> WORK TASK: Please take the lines from the one holding "Norwegian Elkhound Foam" through the one holding "Hand Picked for" in the data below and copy them exactly.

[Stored items from a collection]
○ ○ ○ ○ ○

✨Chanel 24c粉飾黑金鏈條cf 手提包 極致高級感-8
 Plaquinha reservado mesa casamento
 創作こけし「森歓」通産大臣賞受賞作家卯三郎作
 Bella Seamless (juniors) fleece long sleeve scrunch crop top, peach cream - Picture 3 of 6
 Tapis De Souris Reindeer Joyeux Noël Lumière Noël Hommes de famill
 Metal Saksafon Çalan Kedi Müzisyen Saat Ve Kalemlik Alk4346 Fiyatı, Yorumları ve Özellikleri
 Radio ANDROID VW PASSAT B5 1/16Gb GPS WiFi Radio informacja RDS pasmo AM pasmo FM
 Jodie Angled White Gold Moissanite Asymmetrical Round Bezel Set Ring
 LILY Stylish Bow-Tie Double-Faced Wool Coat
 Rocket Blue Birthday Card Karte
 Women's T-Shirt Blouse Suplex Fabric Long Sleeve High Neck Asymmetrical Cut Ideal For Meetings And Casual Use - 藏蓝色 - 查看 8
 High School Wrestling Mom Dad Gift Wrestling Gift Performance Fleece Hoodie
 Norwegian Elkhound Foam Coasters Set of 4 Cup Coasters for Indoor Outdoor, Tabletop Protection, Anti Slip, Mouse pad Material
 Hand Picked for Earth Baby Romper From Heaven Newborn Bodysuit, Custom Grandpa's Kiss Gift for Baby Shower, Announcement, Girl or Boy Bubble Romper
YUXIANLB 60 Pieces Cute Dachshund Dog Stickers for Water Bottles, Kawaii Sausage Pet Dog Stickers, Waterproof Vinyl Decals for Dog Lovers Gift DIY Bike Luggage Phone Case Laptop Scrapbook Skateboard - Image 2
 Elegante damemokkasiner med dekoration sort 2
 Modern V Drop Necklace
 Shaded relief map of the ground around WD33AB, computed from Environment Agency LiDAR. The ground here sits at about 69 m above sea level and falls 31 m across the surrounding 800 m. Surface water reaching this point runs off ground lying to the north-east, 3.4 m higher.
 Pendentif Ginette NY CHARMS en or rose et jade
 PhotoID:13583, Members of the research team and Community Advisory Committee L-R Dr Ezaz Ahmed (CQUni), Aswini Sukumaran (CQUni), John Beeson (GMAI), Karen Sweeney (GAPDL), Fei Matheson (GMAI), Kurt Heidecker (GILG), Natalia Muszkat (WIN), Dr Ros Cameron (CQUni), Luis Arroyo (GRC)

○ ○ ○ ○ ○

> PROBLEM SOLUTION:
 Norwegian Elkhound Foam Coasters Set of 4 Cup Coasters for Indoor Outdoor, Tabletop Protection, Anti Slip, Mouse pad Material
 Hand Picked for Earth Baby Romper From Heaven Newborn Bodysuit, Custom Grandpa's Kiss Gift for Baby Shower, Announcement, Girl or Boy Bubble Romper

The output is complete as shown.